Take a quick look at the short list of the many credited with advising minimum words for maximum communication.   Churchill, Cato, Twain, Franklin, Voltaire and Clinton.  Bill that is.  Pascal , a mathematician was mentioned recently in So Little Time, 1 but he may have borrowed from a man better positioned to advise on the wittiest way to write and speak in brief.  Actually known more as a nitwit even though serving as official adviser to the king,  entering stage left we see  LORD POLONIUS.

This business is well ended.
My liege, and madam, to expostulate
What majesty should be, what duty is,
Why day is day, night is night, and time is time.
Were nothing but to waste night, day, and time.

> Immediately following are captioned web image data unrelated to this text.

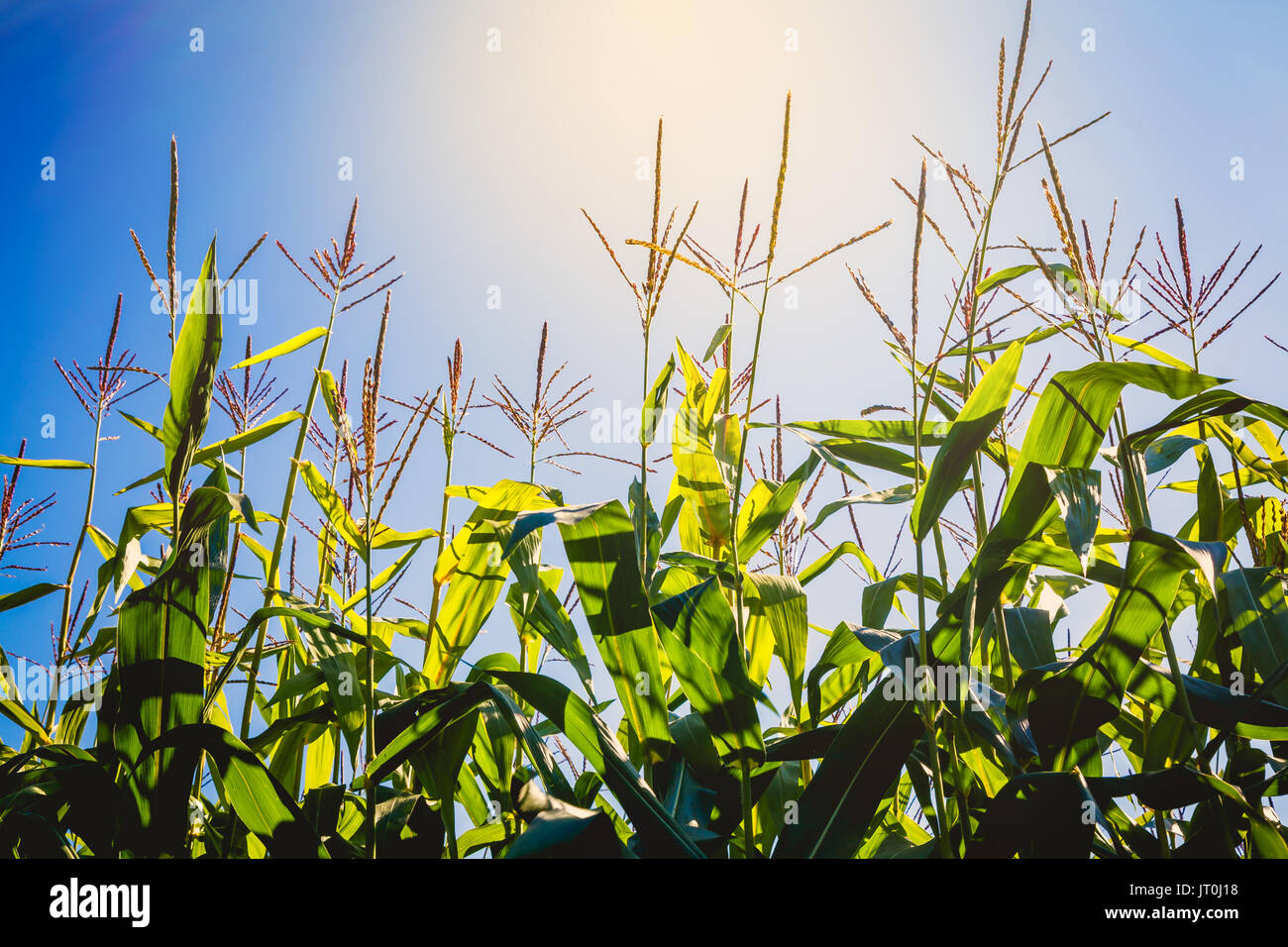 Blazing Sun bas sur un champ de maïs. Banque D'Images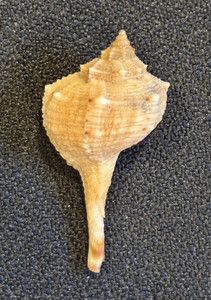 Purple Dye Murex Shell (Bolinas brandaris) with Data from Algeria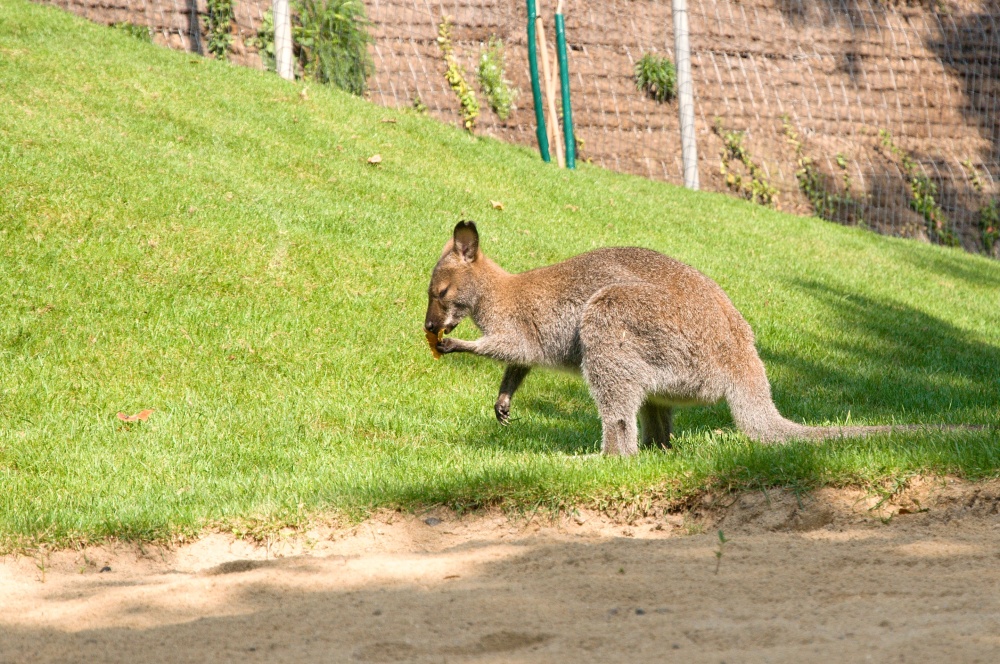 Klokaní svačinka, autor: Sára Bohatová, autor: Matouš Lempochner, kategorie: Fotí děti – Darwinův kráter, ID: 547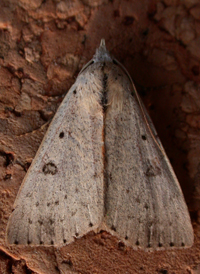 Dead-wood Borer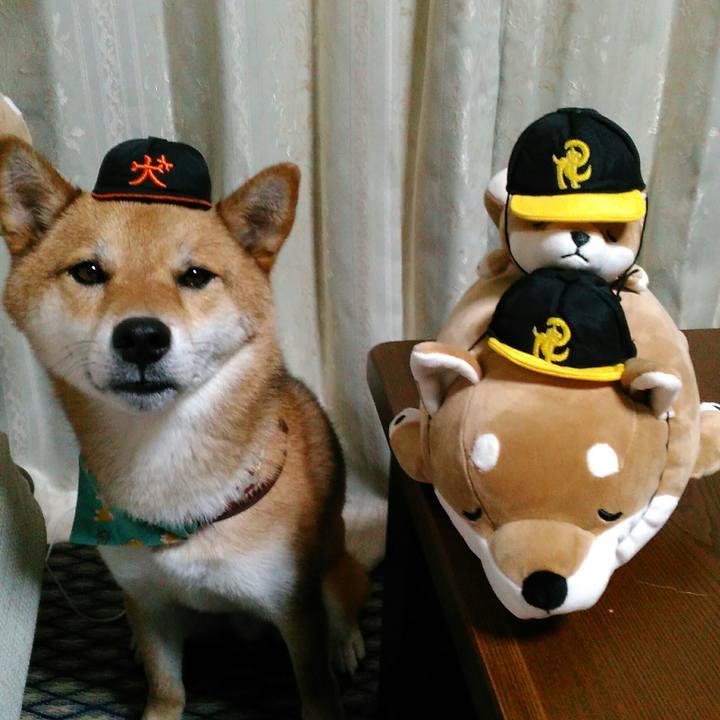 Ee4d2972 c700 45f3 8378 9dcbe94723df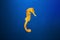 Slim seahorse in the aquarium with blue background Hippocampus reidi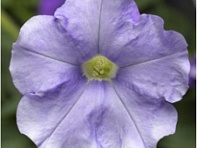 Петуния ампельная гибридная (FlashForward F1)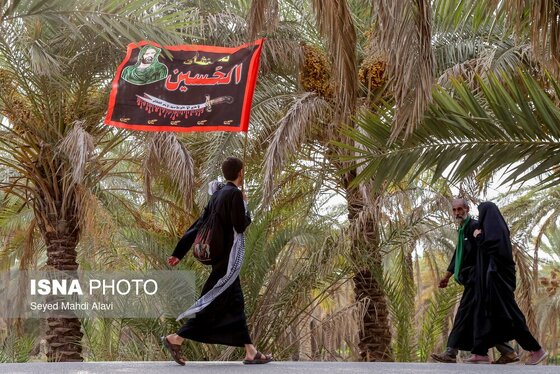قدم قدم تا حسین(ع) | پیاده روی زائران اربعین از مسیر طریق العلما
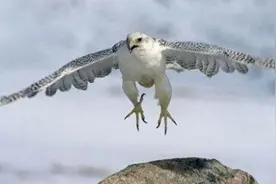 万鹰之神海东青，十万只才出一只的极品，抓到一只可赦免一切死罪图片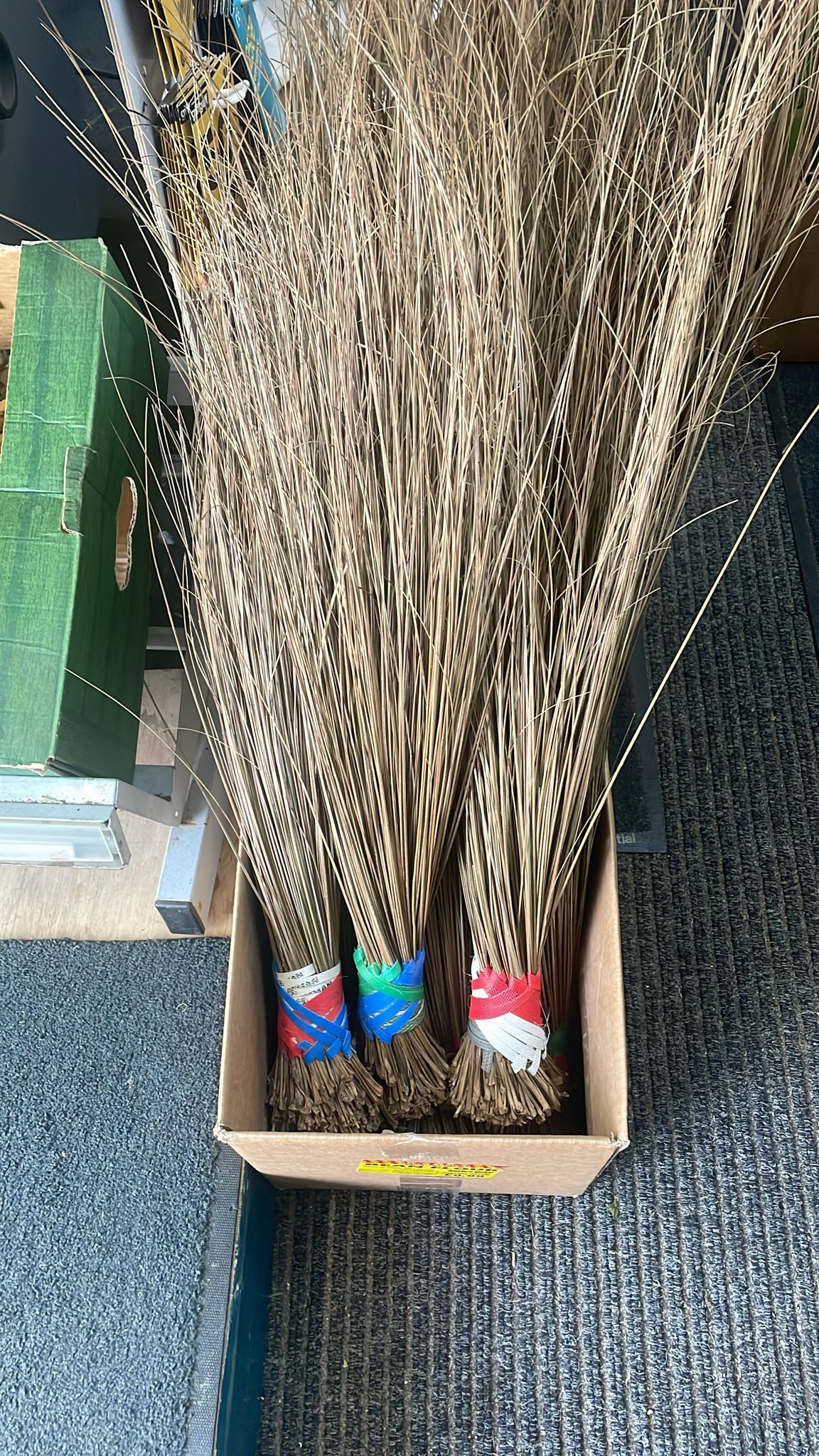 Native Broom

Therefore, since brevity is the soul of wit,
And tediousness the limbs and outward flourishes,
I will be brief. Your noble son is mad.
Mad call I it; for, to define true madness,
What is’t but to be nothing else but mad?
But let that go.

In Hamlet, Even Shakespeare couldn’t do it.  For brevity or wit the first line could have been the last. Methinks he doth …..You know.  Personally,  I think our most beloved philosopher, Kermit probably said, “It’s not easy being brief.”  Some suggest the earliest instruction on brevity came from Strunk to White or vise versa. It certainly was not I. Me either. It would have been more brief had I stopped at the beginning.  However, in less than 300 words, perhaps you will agree,  this business is Well Ended. Think About It.